Le Tribunal administratif de Montreuil, statuant en référé, a pris acte du désistement de Mme B... de ses conclusions tendant à la suspension de la décision du préfet de la Seine-Saint-Denis du 28 juillet 2025 clôturant sa demande de titre de séjour et à l'injonction de réinstruction. La requérante ayant obtenu satisfaction en cours d'instance, elle n'a maintenu que sa demande au titre des frais de justice. En application de l'article L. 761-1 du code de justice administrative, l'Etat a été condamné à lui verser une somme de 600 euros.
Texte intégral
Vu la procédure suivante :
Par une requête enregistrée le 11 septembre 2025, Mme A... B... représentée par Me Dannaud, demande au juge des référés, statuant sur le fondement des dispositions de l’article L. 521-1 du code de justice administrative :
1°) de suspendre l’exécution de la décision du 28 juillet 2025 par laquelle le préfet de la Seine-Saint-Denis a clôturé sa demande de titre de séjour ;
2°) d’enjoindre au préfet de la Seine-Saint-Denis d’enregistrer à titre conservatoire sa demande et d’en reprendre l’instruction, dans un délai de cinq jours à compter de la notification de l’ordonnance à intervenir, sous astreinte de 100 euros par jour de retard ou, à défaut, de lui délivrer un document provisoire de séjour avec autorisation de travail dans le même délai et sous la même astreinte, jusqu’à ce qu’il ait été statué sur sa demande ;
3°) de mettre à la charge de l’Etat la somme de 1 200 euros sur le fondement des dispositions de l’article L. 761-1 du code de justice administrative.
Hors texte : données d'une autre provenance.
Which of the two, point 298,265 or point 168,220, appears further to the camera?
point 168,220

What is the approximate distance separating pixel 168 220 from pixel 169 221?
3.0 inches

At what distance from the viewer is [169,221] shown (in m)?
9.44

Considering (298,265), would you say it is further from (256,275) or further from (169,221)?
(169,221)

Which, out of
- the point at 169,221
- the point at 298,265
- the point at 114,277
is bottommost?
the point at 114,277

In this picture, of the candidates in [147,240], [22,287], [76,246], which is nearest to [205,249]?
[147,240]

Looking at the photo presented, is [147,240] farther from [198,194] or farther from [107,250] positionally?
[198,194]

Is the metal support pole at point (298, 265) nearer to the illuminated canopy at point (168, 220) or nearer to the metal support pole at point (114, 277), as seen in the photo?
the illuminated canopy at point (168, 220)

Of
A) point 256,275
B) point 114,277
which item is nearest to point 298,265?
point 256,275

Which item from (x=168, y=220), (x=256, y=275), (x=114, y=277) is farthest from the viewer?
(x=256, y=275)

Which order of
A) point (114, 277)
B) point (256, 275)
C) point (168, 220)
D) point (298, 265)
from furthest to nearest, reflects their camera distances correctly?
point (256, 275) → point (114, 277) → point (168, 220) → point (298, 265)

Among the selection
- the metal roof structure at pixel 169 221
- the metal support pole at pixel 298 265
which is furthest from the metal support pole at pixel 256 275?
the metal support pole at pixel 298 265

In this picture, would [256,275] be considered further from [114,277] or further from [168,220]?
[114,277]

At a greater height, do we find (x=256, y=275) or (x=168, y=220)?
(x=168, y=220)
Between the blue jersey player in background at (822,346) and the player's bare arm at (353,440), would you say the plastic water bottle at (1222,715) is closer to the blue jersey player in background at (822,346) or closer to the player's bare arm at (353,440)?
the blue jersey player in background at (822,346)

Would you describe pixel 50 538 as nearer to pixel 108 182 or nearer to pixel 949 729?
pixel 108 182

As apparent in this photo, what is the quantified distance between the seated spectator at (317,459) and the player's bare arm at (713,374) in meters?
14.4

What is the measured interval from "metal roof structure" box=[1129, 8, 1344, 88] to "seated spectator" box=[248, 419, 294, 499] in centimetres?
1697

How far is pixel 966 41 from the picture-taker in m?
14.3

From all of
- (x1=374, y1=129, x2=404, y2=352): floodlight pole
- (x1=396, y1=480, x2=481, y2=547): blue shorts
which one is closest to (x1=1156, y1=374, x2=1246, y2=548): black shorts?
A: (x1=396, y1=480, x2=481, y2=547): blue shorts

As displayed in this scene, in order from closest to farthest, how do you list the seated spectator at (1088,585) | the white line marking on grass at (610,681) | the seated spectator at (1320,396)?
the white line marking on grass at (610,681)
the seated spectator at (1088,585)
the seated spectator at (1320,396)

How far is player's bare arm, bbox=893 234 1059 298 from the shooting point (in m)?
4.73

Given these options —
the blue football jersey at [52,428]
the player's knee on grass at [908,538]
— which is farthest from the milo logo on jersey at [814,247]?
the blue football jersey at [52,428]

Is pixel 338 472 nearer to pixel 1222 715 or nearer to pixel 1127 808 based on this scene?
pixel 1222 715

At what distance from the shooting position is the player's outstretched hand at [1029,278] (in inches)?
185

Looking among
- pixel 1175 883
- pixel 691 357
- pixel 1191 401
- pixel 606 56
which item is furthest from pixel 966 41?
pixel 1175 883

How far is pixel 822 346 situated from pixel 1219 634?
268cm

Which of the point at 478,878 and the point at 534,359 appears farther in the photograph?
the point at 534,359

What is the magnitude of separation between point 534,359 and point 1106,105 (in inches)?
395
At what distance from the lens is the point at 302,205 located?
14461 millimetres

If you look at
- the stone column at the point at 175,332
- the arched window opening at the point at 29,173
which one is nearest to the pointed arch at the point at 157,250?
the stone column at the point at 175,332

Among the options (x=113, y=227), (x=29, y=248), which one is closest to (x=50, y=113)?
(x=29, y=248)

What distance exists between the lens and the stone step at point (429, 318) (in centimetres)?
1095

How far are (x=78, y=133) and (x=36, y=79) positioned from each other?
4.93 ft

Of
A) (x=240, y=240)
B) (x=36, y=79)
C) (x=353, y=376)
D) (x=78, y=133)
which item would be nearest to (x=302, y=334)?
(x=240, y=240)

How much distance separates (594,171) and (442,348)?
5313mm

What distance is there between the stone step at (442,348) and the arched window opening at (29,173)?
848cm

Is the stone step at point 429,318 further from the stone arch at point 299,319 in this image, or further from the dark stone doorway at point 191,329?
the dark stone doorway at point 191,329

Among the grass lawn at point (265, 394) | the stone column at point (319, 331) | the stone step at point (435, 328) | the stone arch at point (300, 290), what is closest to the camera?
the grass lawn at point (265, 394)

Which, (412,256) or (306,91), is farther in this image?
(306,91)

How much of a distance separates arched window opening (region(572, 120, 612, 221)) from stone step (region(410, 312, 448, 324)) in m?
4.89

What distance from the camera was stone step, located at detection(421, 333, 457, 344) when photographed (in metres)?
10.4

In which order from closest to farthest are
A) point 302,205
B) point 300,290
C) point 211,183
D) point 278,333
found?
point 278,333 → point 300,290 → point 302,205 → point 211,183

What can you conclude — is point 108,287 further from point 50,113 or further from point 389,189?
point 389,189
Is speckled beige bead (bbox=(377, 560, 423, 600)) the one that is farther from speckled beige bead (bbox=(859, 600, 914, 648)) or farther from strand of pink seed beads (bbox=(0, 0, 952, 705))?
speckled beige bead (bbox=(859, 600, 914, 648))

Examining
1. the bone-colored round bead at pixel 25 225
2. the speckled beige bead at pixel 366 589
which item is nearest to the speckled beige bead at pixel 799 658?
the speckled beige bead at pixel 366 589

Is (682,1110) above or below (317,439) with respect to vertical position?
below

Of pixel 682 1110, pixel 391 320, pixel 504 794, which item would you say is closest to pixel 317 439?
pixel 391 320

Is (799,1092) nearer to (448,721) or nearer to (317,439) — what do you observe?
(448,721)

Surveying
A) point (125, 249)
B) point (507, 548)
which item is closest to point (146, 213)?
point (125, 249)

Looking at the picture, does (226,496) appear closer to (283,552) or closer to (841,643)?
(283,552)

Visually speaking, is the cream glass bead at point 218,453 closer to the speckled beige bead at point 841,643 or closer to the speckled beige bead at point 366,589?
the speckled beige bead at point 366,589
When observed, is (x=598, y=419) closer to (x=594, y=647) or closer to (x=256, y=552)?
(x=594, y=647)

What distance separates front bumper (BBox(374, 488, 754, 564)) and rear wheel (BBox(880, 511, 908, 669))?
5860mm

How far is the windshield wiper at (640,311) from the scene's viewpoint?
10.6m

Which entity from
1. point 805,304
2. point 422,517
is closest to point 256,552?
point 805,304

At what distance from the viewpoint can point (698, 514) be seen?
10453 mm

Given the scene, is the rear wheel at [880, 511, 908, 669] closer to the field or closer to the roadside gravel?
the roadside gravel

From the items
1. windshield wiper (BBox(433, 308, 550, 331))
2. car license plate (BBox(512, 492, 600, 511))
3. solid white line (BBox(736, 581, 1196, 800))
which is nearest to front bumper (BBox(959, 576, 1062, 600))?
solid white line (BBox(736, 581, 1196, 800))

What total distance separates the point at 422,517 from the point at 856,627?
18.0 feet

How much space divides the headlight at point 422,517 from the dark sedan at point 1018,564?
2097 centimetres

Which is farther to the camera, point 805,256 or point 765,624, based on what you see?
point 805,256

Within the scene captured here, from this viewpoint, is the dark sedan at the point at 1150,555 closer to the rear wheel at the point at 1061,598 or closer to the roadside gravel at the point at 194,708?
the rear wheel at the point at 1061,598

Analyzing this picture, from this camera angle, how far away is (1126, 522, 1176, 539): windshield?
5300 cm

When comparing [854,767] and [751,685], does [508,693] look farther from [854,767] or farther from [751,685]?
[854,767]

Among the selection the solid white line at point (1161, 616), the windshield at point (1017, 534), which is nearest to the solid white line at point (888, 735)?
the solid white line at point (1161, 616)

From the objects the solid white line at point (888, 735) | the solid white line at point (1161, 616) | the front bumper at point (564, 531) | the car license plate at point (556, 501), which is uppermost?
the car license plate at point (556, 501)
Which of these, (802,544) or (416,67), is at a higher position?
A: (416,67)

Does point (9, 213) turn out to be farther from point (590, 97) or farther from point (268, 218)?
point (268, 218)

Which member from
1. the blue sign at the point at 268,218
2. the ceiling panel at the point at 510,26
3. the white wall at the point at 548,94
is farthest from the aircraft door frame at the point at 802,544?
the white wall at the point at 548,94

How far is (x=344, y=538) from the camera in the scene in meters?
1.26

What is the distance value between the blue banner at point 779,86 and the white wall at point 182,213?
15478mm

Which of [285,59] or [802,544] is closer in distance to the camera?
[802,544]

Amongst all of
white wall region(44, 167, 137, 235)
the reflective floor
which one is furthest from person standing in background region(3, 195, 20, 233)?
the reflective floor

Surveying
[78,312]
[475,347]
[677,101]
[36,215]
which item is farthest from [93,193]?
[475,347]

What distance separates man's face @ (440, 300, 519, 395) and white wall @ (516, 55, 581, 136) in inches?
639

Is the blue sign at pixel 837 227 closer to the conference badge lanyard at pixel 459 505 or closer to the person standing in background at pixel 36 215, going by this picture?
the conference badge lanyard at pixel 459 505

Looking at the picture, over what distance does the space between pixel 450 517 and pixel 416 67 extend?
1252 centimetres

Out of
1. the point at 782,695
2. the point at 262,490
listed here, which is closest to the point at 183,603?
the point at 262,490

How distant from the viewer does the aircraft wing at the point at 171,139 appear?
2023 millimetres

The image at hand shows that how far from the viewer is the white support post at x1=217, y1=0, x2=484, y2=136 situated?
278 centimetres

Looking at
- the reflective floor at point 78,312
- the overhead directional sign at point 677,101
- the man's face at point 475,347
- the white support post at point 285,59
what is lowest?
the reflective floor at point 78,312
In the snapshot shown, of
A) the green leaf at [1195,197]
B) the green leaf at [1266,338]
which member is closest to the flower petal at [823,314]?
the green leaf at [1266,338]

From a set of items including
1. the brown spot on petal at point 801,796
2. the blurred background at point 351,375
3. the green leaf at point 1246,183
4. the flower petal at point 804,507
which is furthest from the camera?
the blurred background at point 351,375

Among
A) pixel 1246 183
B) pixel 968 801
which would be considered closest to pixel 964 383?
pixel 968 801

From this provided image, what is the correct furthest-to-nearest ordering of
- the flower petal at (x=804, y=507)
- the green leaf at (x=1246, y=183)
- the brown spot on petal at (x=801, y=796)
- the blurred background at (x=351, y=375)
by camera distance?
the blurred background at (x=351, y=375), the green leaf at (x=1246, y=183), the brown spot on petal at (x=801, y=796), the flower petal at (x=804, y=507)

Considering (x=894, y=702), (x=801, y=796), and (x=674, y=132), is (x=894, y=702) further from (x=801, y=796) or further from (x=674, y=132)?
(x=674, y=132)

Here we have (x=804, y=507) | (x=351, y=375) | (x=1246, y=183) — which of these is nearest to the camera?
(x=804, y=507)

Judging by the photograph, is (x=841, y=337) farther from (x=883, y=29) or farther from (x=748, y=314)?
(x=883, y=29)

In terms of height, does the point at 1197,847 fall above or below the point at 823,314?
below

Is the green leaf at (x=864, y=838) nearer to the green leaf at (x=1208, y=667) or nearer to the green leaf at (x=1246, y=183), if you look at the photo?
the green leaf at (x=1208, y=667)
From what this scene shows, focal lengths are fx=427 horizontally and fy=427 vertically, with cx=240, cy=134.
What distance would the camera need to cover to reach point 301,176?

Par un mémoire en défense enregistré le 18 septembre 2025, le préfet de la
Seine-Saint-Denis, représenté par Me Tomasi, conclut, à titre principal, au non-lieu à statuer, à titre subsidiaire, à son rejet et, en tout état de cause, au rejet au titre des frais du litige.
Par un mémoire enregistré le 19 septembre 2025, Mme B... déclare maintenir sa demande au titre des frais du litige.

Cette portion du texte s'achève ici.